Working at 36,000 feet may not feel like living the dream, but if you’re traveling for work (or fun), every minute counts. Some U.S. airlines are making it easier than ever to stay connected whether you have your head in the clouds or on the ground.
For the past decade, it was standard to require passengers to pay either by the minute or by the hour to access the airline’s Wi-Fi network on most domestic flights. And for those who were winging it by working through the flight, those Wi-Fi costs added up fast.
Don’t toggle your phone into airplane mode just yet because many national and international air carriers are bringing Wi-Fi service to their fleets. While you can’t take phone calls mid-flight, here are the airlines where flying the connected skies comes standard with your ticket.
Domestic and International Airlines That Offer Free In-Flight Wi-Fi
Want to use those hours in the air to clear your inbox or level up in that guilty pleasure mobile game? Check it off your to-do list because these airlines offer complimentary Wi-Fi as part of your in-flight experience.

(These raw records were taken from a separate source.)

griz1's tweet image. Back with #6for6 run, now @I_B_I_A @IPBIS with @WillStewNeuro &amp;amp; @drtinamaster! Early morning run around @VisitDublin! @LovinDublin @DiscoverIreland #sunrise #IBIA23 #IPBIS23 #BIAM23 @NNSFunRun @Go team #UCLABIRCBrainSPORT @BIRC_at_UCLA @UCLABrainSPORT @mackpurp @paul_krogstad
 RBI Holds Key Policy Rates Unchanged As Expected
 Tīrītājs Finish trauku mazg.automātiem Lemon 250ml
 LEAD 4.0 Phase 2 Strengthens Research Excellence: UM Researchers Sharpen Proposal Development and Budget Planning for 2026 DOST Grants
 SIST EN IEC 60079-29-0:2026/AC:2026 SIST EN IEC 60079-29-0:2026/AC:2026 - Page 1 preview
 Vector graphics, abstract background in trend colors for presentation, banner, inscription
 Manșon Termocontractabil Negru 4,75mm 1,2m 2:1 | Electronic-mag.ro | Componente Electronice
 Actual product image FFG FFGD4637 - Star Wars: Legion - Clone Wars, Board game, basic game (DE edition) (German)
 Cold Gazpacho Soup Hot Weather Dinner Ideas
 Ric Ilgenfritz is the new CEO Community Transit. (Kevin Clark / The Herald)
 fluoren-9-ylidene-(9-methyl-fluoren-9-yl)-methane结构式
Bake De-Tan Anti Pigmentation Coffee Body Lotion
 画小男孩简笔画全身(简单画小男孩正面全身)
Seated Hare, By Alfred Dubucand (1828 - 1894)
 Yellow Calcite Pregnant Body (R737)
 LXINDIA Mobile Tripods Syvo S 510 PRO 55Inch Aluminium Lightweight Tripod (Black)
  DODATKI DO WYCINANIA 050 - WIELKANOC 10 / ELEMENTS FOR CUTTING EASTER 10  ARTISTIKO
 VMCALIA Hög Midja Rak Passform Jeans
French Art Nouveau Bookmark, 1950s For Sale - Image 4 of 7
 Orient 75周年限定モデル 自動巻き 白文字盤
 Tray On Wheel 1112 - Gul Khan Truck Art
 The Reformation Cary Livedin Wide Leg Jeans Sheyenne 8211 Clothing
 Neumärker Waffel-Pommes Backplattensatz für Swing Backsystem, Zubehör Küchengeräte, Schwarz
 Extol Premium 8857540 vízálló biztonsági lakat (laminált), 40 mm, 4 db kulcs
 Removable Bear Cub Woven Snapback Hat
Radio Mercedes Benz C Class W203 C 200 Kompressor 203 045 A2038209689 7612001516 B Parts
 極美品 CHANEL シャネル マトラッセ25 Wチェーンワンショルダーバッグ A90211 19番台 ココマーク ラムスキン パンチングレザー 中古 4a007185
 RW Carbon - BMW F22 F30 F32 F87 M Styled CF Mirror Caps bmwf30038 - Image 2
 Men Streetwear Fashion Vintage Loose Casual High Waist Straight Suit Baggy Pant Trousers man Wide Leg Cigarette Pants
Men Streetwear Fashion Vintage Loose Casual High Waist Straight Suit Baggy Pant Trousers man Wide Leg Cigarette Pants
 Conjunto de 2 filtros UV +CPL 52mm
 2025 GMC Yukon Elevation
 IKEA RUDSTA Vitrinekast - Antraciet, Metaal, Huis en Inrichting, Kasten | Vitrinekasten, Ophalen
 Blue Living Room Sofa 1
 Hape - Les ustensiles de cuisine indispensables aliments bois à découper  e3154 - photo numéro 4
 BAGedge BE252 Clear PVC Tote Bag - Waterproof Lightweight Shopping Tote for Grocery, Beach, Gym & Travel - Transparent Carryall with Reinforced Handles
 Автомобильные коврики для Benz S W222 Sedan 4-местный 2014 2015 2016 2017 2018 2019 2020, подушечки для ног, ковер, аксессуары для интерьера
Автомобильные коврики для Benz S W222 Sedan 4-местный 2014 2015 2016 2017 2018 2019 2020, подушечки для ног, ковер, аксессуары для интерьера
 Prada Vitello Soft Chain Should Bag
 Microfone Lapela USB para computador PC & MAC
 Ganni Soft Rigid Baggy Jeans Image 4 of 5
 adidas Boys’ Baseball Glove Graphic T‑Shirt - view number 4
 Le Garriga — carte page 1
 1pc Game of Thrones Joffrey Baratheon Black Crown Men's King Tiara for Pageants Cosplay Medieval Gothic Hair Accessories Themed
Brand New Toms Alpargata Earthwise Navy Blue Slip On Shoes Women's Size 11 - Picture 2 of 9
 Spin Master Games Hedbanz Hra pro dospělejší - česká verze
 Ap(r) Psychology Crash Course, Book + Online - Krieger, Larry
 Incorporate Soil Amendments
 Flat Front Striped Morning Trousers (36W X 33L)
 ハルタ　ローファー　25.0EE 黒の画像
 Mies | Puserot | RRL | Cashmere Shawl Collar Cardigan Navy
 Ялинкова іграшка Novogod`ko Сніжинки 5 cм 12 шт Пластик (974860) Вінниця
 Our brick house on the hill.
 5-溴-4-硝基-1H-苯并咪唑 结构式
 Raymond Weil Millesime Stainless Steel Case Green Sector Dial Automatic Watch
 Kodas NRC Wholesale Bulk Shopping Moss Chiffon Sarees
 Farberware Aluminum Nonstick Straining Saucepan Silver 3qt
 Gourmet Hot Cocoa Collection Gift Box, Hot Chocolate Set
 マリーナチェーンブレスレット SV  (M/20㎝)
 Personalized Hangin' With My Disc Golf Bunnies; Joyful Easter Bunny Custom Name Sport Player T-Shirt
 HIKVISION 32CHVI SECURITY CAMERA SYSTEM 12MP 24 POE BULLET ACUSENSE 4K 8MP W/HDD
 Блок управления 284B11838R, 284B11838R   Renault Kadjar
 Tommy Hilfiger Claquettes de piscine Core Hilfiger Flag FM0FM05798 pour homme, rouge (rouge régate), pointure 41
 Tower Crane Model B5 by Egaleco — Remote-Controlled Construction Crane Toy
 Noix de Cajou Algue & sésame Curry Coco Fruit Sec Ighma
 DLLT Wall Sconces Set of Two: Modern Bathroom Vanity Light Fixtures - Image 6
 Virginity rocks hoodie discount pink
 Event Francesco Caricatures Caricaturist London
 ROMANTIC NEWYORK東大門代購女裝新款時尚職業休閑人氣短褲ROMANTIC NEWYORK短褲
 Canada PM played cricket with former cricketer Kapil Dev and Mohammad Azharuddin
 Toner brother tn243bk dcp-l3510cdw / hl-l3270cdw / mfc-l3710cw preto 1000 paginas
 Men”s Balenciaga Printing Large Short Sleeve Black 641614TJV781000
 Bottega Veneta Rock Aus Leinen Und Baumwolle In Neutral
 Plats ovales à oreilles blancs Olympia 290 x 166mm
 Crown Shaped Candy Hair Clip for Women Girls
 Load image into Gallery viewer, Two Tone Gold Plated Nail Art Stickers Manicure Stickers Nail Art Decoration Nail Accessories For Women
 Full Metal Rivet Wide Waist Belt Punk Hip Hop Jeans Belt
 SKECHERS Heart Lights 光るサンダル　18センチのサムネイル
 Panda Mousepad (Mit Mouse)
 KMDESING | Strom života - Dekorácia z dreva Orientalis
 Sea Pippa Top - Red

Domestic Flights With Free Wi-Fi
Delta Air Lines
The latest airline outfitting its entire fleet with Wi-Fi is Delta. Delta — in partnership with T-Mobile — made free in-flight Wi-Fi available to all passengers on domestic flights in February. By the end of 2024, Delta CEO Ed Bastian promises to have its entire fleet on board with free unlimited Wi-Fi, including regional and international flights.
There’s just one tiny hitch. To access the Wi-Fi, Delta Airlines requires passengers to sign up for a free Delta SkyMiles account. If you don’t want to join the Delta SkyMiles members club, you can still purchase Wi-Fi for a $10 fee per device.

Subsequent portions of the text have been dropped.